<<<<
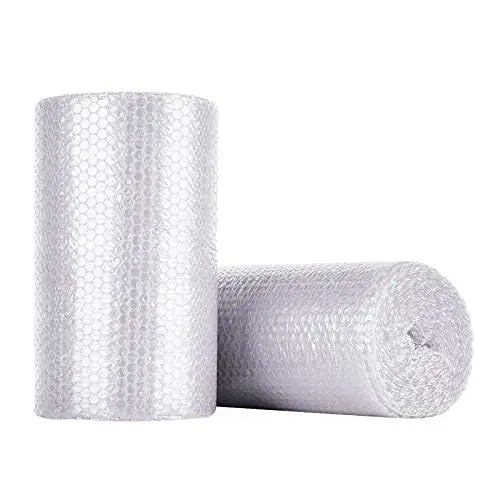 Custom Bubble Cushioning Wrap Roll Air Bubble Roll for Packaging Moving Shipping Boxes Supplies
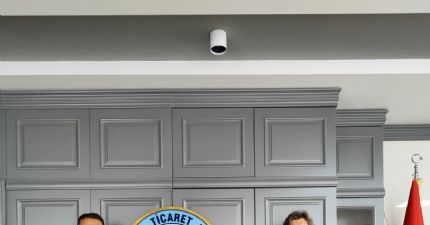 SAYIN SEVEN İLE ÇAKIR’DAN BORSAMIZA ZİYARET…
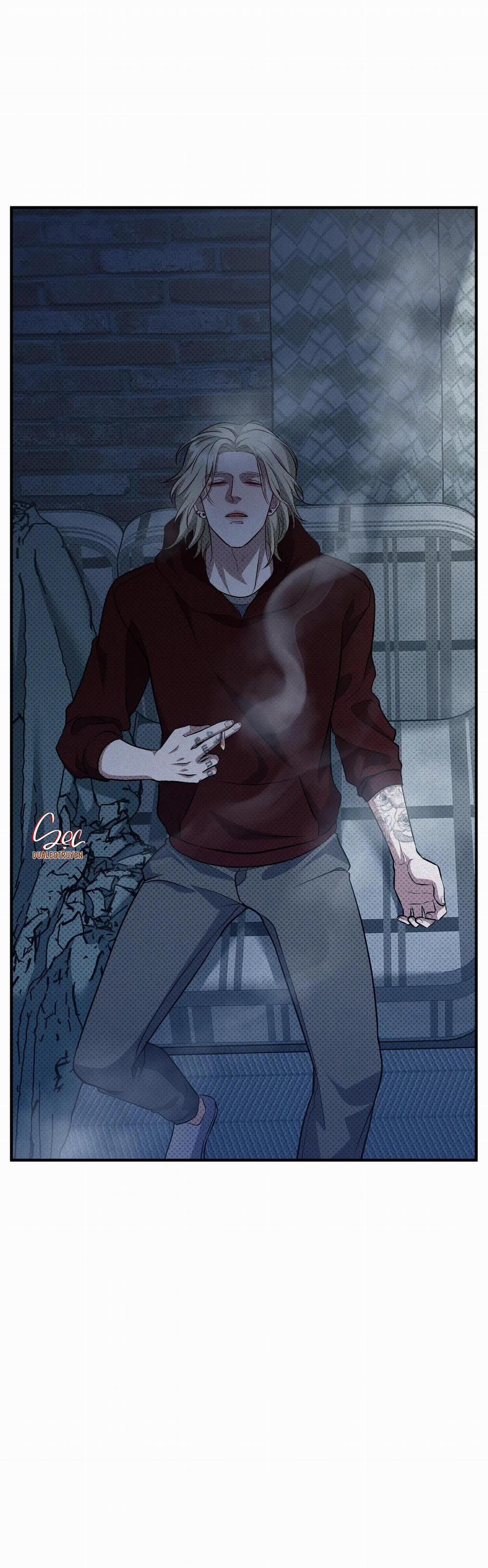 Nỗi U Sầu Của Manhattan 5 trang 33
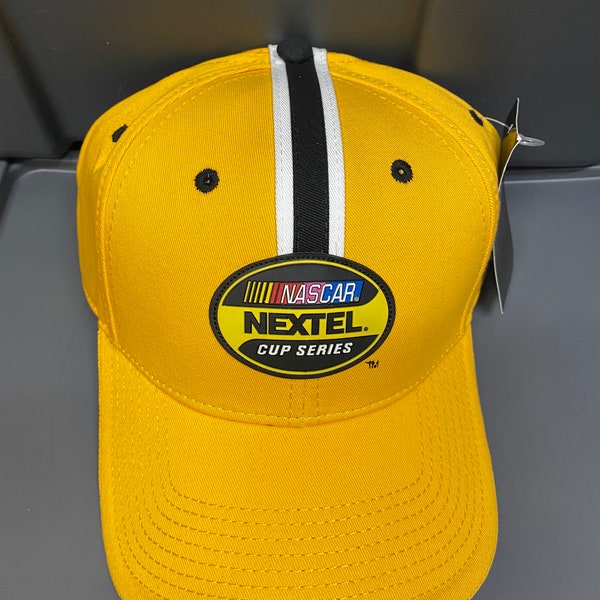 NWT NASCAR Nextel Cup Series Hat - Slider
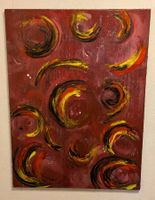 CC ART, CH Künstlerin, Acrylgemälde 60x80cm, auf Leinwand!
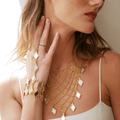 Pulsera Nolia oro - SACH ATELIER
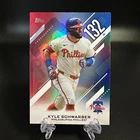 2026 Topps Series 2 Kyle Schwarber Base (RAW)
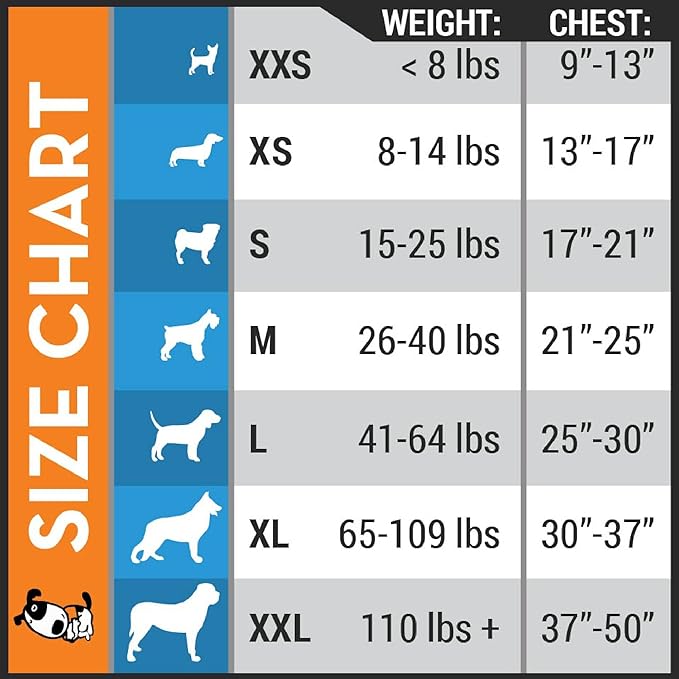 ThunderShirt for Dogs, X Large, Platinum Sport - Dog Anxiety Relief Calming Vest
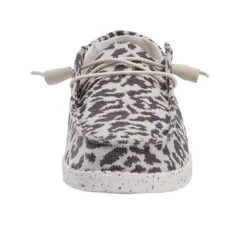 Heydude Hey Dude Wendy Cheetah Grey -Heydude 121413091 WENDY WOVEN CHEETAH GREY 04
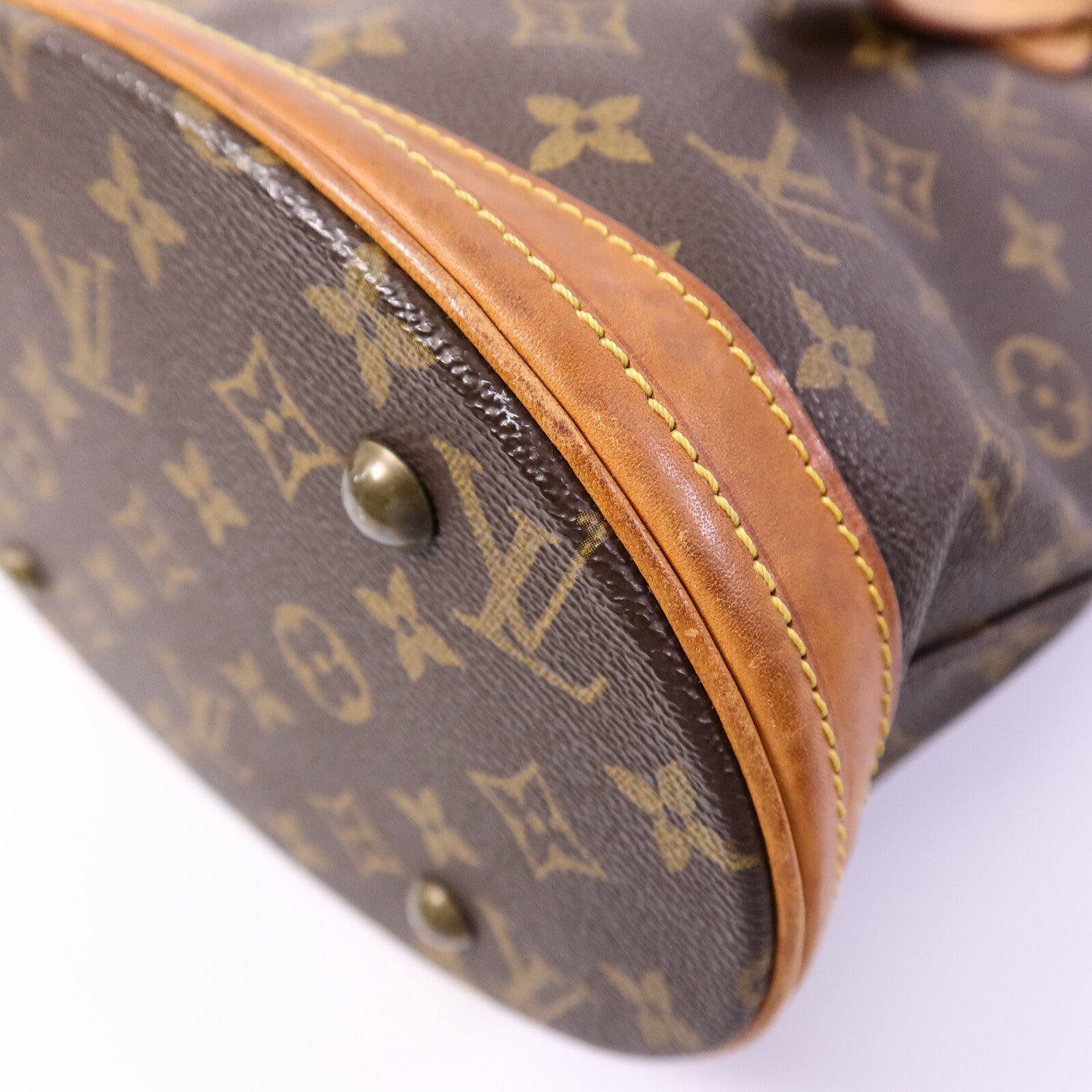 LOUIS VUITTON Monogram Bucket PM手挽袋
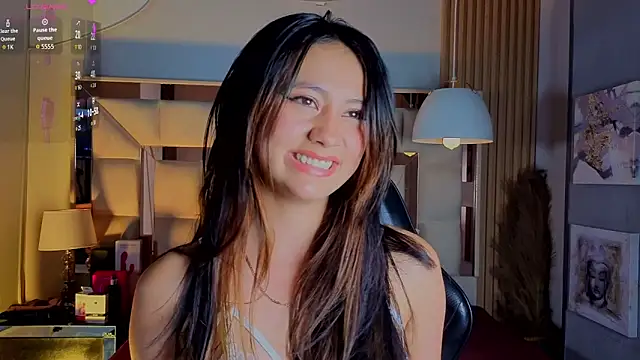Aria Joness  online show from June 9, 9:26 pm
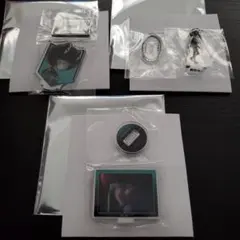 家庭教師ヒットマンREBORN　フラン　一撃コレクション　３点　アクスタ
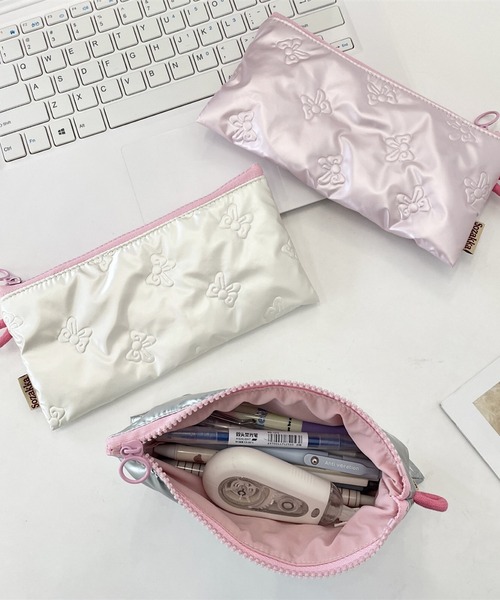 Mignonjour(ミニョンジュール)の「Mignonjour/キルティングペンケース M2768(ペン類・レディース・その他6/その他4/その他1/その他2/その他3/その他5・FREE)」の9枚目の写真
>>>>
**Instructions for the task**: Repeat the full listing above exactly, with no pictures in the copy.

**Reply**:
 Custom Bubble Cushioning Wrap Roll Air Bubble Roll for Packaging Moving Shipping Boxes Supplies
 SAYIN SEVEN İLE ÇAKIR’DAN BORSAMIZA ZİYARET…
 Nỗi U Sầu Của Manhattan 5 trang 33
 NWT NASCAR Nextel Cup Series Hat - Slider
 CC ART, CH Künstlerin, Acrylgemälde 60x80cm, auf Leinwand!
 Pulsera Nolia oro - SACH ATELIER
 2026 Topps Series 2 Kyle Schwarber Base (RAW)
 ThunderShirt for Dogs, X Large, Platinum Sport - Dog Anxiety Relief Calming Vest
 Heydude Hey Dude Wendy Cheetah Grey -Heydude 121413091 WENDY WOVEN CHEETAH GREY 04
 LOUIS VUITTON Monogram Bucket PM手挽袋
Aria Joness  online show from June 9, 9:26 pm
 家庭教師ヒットマンREBORN　フラン　一撃コレクション　３点　アクスタ
 Mignonjour(ミニョンジュール)の「Mignonjour/キルティングペンケース M2768(ペン類・レディース・その他6/その他4/その他1/その他2/その他3/その他5・FREE)」の9枚目の写真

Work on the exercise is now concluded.